Children diagnosed with ASD who had spontaneous, non-inherited changes in autism-linked genes showed “muted” core autism symptoms relating to social behavior and language when compared to sex, age, and IQ-matched children with ASD without known genetic abnormalities. A key clue was that children with the spontaneous glitches—abnormal numbers of copies of genes or other mutations linked to functional impairments—tended to start walking later than usual, which is not typical of children with ASD. In fact, the odds of a child in this sample having a spontaneous abnormal gene finding increased by 17% for each month of delay in walking.
“Identifying individuals whose ASD is associated with a specific type of genetic abnormality may lead us to distinct processes ultimately traceable to specific causes, which could be targeted by more personalized interventions,” explained Audrey Thurm, Ph.D., of the NIMH Intramural Research Program. “In the meantime, our results can increase awareness that among children with an ASD diagnosis, certain characteristics like late walking are associated with genetic abnormalities.”

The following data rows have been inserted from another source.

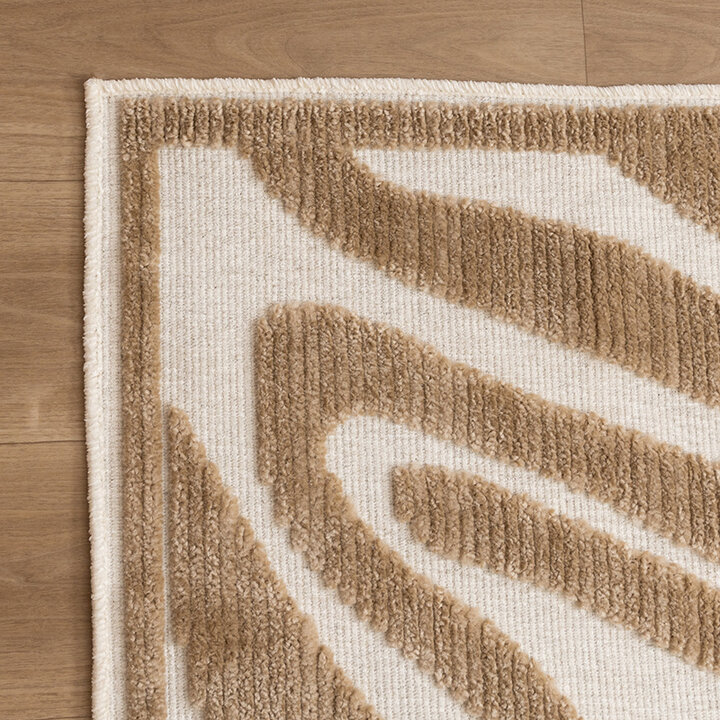 Tapis lavable - Dunya Zebra Beige/Blanc - 4
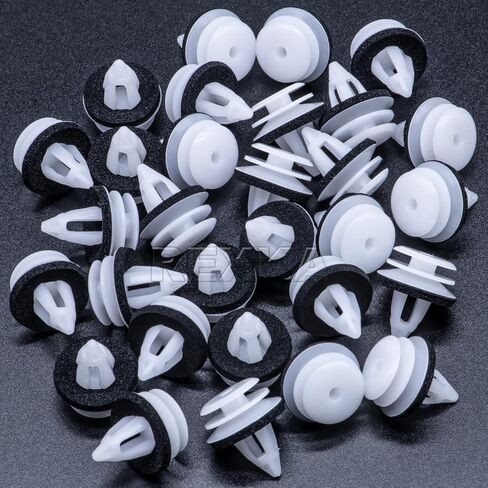 Rexka 30pcs Door Trim Panel Trunk Lid Headliner Retainer Clip Compatible with BMW E46 E90 F30 X5 X3 E60 51-41-8-224-768 51418224768 in Saudi Arabia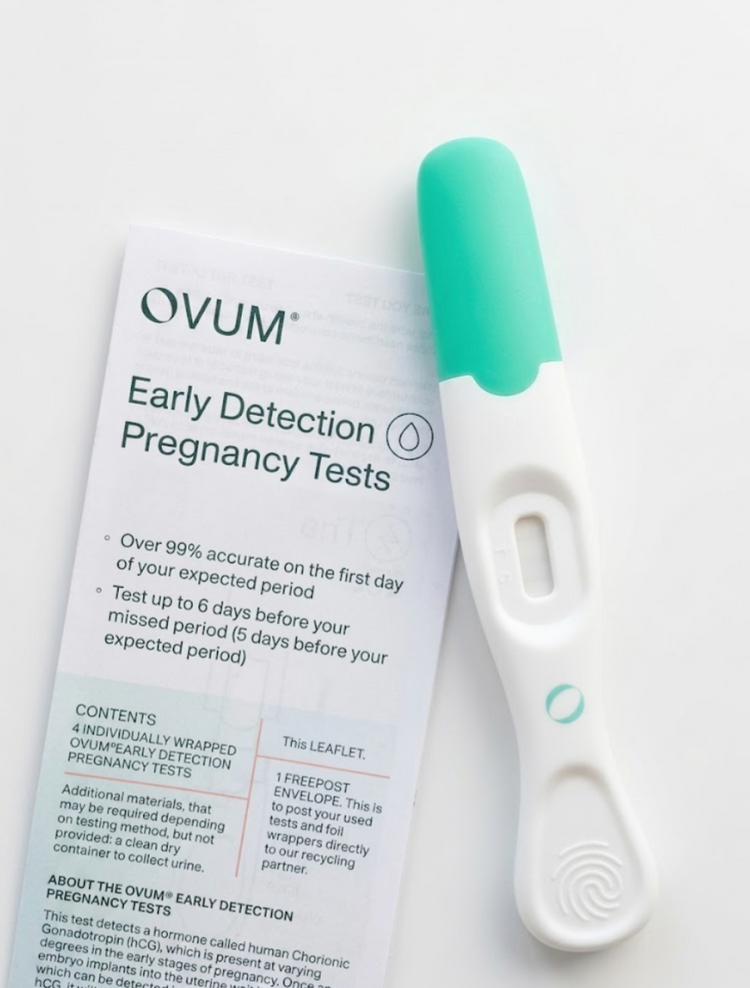 OVUM Early Detection Pregnancy Tests x 4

Thurm, NIMH grant-supported researcher Somer Bishop, Ph.D. , of the University of California San Francisco, and colleagues, report on their identification of an emerging cluster of developmental, behavioral, and genetic markers in ASD, March 3, 2017 in the American Journal of Psychiatry.
Prior to the study, the estimated 10-15 percent of children with ASD who have non-inherited, or “de novo,” gene copy number variations or suspected disrupting, severe mutations had not been found to show specific patterns of ASD-related symptoms or delays in developmental milestones. The new discovery was made possible through a combination of advances in genomics technology, allowing for a large number of “high confidence” suspect genes to be identified, as well as more rigorous matching of children with and without genetic abnormalities than in previous studies. For example, the new study controlled for potentially confounding effects of IQ, which has been previously found to be lower in children with ASD with de novo mutations.

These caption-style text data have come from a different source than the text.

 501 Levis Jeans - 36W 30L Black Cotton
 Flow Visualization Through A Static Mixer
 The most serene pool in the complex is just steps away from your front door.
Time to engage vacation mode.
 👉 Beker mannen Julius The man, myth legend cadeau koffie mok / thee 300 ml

Results showed that children with de novo mutations tended to be less impaired on core ASD symptoms than their peers with more typical ASD and no known genetic abnormalities. Children with de novo mutations also tended to have stronger verbal, language, and social-communication abilities – and clinicians involved in assessing the children were less confident in their ASD diagnoses for the subgroup with de novo mutations. Yet children with de novo mutations began walking, on average, at 19 months, compared to 13.6 months for children with typical ASD, when controlling for differences in non-verbal IQ.
“While all children in this study met diagnostic criteria for ASD, those with genetic abnormalities showed subtle, yet potentially important, differences in their behavioral profiles when compared to appropriately matched children with no such abnormalities,” said Bishop. “These findings are in line with previous assertions that, as a group, de novo mutations may be best understood as conferring risk for neurodevelopmental problems more generally, rather than ASD core symptoms specifically.”